▶ **What you are asked to do**: Copy each line below that has "Model".

▶ **Data for this task**:
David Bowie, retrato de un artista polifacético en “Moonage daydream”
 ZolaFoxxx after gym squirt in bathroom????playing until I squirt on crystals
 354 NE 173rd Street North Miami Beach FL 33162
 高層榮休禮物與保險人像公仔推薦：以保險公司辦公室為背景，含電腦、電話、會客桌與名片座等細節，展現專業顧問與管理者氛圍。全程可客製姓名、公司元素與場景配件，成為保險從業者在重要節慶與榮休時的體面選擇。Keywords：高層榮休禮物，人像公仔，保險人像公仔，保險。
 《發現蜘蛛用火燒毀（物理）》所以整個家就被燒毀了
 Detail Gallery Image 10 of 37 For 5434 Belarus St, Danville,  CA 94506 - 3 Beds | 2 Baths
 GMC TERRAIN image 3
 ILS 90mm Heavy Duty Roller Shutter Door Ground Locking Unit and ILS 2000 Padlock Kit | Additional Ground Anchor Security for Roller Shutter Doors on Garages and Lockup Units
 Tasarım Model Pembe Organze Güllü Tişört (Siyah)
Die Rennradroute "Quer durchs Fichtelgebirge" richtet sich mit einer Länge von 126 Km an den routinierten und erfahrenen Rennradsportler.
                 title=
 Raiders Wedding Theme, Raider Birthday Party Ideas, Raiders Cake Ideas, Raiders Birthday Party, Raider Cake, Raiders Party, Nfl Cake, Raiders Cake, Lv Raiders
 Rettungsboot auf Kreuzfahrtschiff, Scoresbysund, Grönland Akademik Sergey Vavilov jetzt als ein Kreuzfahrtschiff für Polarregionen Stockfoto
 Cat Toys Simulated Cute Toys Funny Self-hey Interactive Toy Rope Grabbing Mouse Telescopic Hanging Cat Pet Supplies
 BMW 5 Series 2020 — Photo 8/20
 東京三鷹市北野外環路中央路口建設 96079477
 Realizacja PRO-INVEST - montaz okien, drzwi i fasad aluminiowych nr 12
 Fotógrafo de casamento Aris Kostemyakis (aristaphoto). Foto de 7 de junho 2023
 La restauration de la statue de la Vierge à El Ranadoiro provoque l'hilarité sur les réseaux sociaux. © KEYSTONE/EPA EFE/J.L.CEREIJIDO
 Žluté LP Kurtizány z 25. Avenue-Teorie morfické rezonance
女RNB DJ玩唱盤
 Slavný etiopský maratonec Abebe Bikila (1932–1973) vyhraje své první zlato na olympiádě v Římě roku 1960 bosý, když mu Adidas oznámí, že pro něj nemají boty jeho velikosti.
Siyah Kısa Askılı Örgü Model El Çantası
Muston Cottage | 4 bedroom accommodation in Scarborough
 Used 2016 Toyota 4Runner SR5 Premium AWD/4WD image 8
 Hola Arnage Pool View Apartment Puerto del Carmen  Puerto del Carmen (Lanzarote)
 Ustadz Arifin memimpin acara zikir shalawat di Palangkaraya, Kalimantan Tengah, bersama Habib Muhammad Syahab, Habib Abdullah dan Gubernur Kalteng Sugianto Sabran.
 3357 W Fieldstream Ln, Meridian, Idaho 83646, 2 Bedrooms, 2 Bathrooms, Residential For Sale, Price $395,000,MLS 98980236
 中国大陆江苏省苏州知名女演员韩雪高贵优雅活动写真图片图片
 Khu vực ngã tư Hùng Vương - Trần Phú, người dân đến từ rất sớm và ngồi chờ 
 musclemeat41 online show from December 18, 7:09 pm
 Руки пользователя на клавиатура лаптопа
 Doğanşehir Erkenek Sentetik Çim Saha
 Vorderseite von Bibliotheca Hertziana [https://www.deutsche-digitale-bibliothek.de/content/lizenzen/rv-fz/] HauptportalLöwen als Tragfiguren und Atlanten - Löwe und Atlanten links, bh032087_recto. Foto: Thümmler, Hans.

▶ **Exercise response**:
 Tasarım Model Pembe Organze Güllü Tişört (Siyah)
Siyah Kısa Askılı Örgü Model El Çantası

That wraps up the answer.